# YOUR GOAL:
Leave the pictures out while you restate every entry below word for word.

# DATA FOR THE TASK:
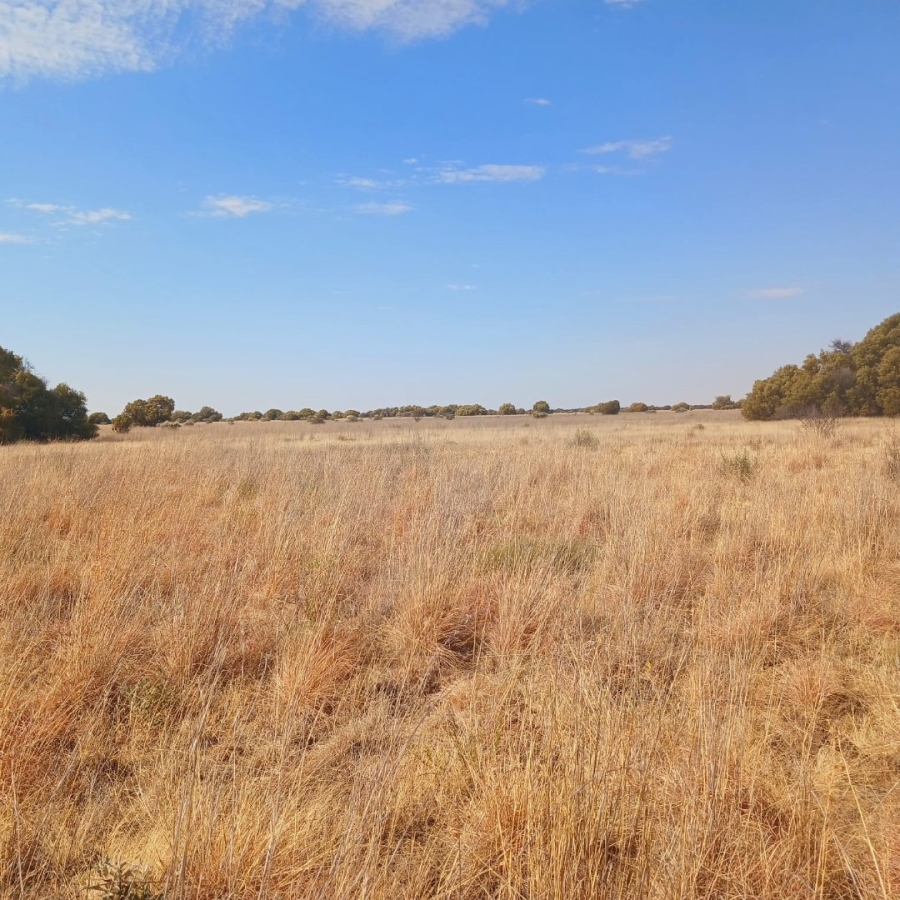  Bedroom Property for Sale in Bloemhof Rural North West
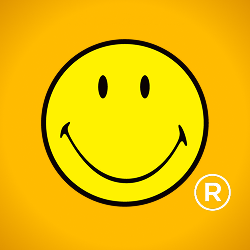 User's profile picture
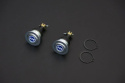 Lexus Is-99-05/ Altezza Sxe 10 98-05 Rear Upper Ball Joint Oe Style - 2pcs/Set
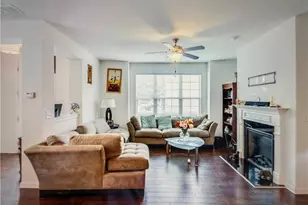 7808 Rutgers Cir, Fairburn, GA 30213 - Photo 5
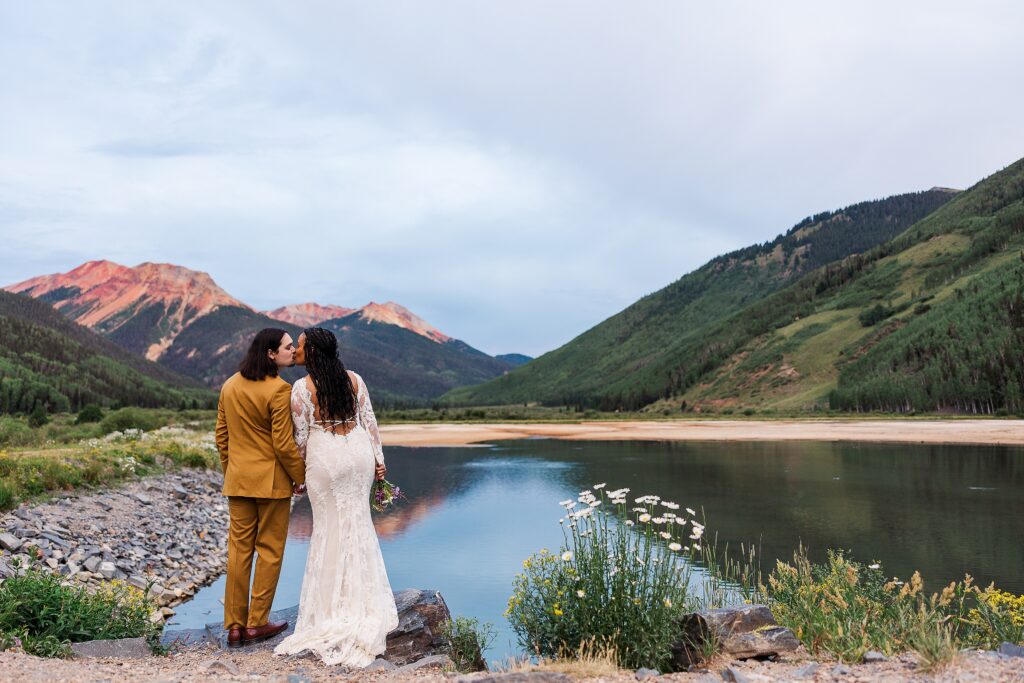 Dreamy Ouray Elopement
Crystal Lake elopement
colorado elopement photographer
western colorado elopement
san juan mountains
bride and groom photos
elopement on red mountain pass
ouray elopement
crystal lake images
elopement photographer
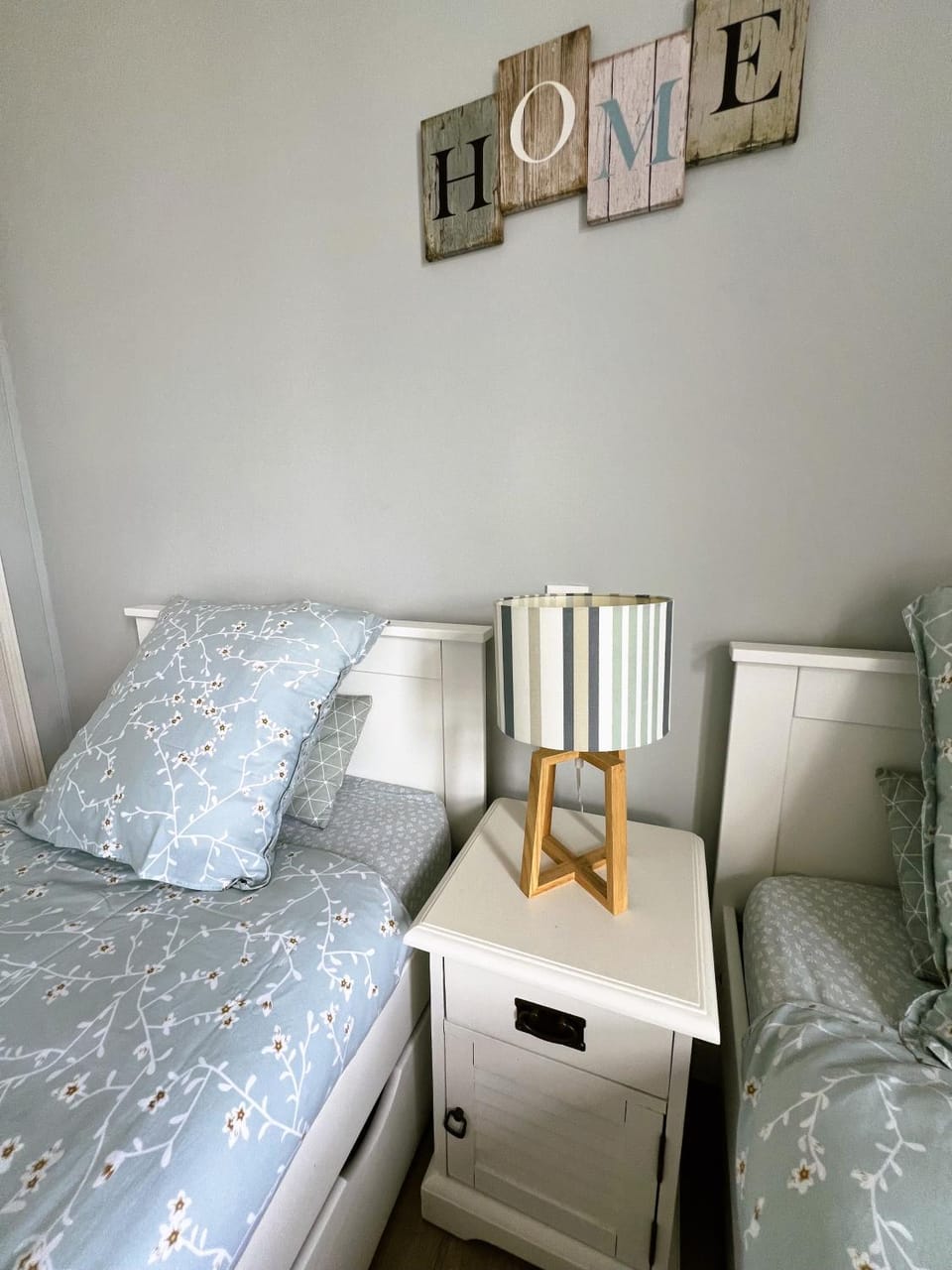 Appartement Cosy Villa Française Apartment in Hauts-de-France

# RESULT OF THE EXERCISE:
  Bedroom Property for Sale in Bloemhof Rural North West
 User's profile picture
 Lexus Is-99-05/ Altezza Sxe 10 98-05 Rear Upper Ball Joint Oe Style - 2pcs/Set
 7808 Rutgers Cir, Fairburn, GA 30213 - Photo 5
 Dreamy Ouray Elopement
Crystal Lake elopement
colorado elopement photographer
western colorado elopement
san juan mountains
bride and groom photos
elopement on red mountain pass
ouray elopement
crystal lake images
elopement photographer
 Appartement Cosy Villa Française Apartment in Hauts-de-France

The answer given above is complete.